A competição consistia em tirar de um cesto vários ingredientes-surpresa e transformá-los num prato, avaliado pelo júri, sempre presente, pelo sabor, confecção e apresentação.
No final, e já certa da vitória, disse ao júri: "Hoje fiquei com uma certeza, a idade é só um número."
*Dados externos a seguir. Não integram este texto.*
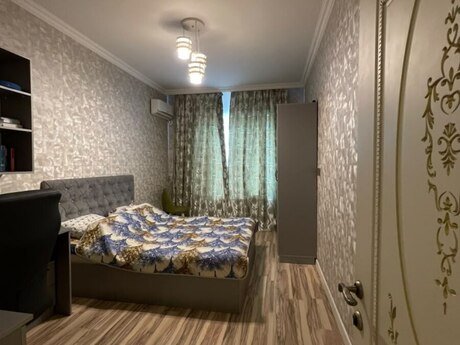 Novxanıda 8 otaqlı həyət evi satılır, 300 m², 390 000 AZN, şəkil 4 / 12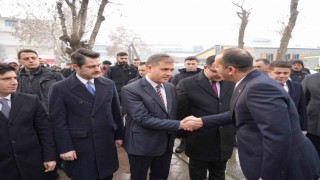 Vali Taşolar, görevine başladı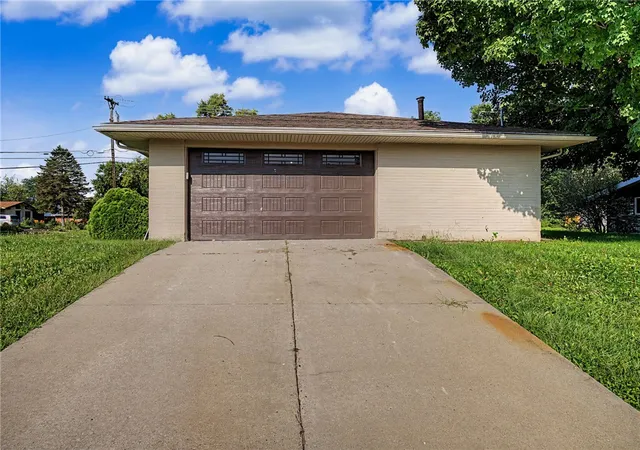 Photo 3 of Single family home for sale at 529 N Eppington Dr, Dayton, OH 45426 | MLS# 968297 | Listing updated on 2026-09-06
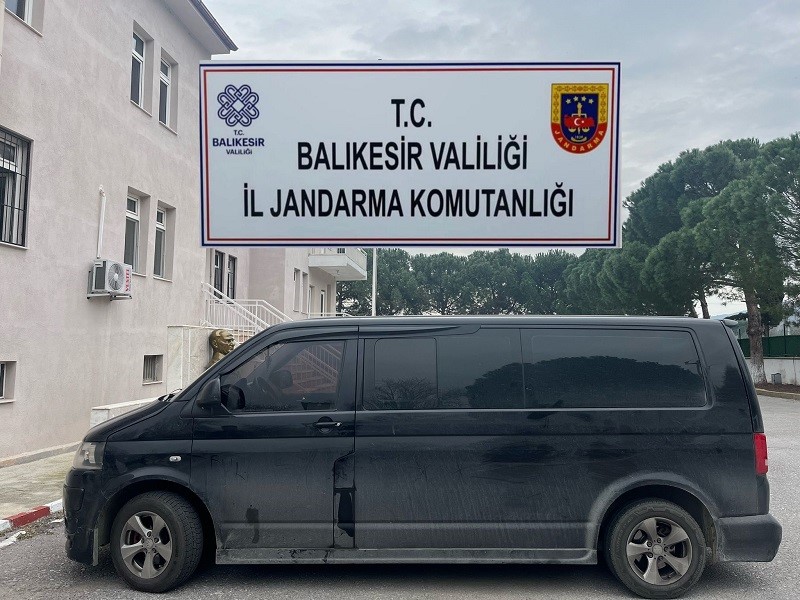 BALIKESİR’DE 14 DÜZENSİZ GÖÇMEN YAKALANDI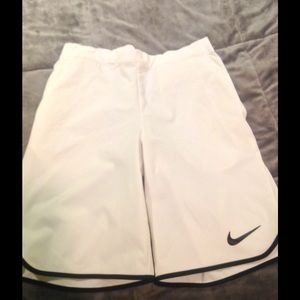 White Nike tennis shorts dry fit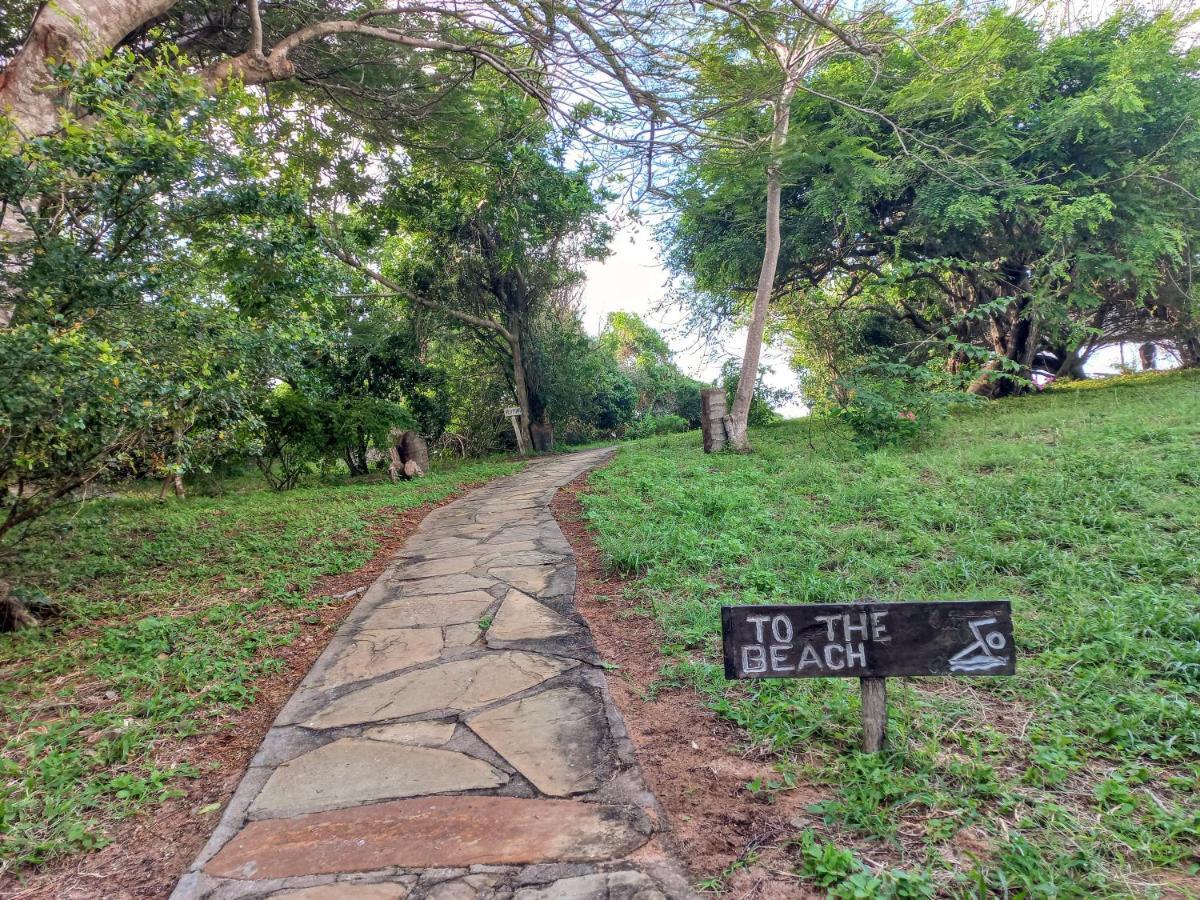 Watamu Beach Cottages B&B מראה חיצוני תמונה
O programa foi para ar em Novembro, assistido com pompa e circunstância no restaurante Churrasqueira da Bairrada, pelos amigos e familiares de Luísa, que fizeram questão de estar presentes. Depois de vários meses a manter segredo acerca da sua vitória - uma imposição do canal - a chefe teve finalmente direito à festa que merecia.
O futuro
Apesar de em Nova Iorque se sentir em casa e de ser "muito, muito feliz", o futuro não passa por ficar nos Estados Unidos "o resto da vida". "Ainda estou apaixonada pela cidade, mas quando já não estiver, quando for mais velha, pretendo voltar para Portugal e abrir um restaurante."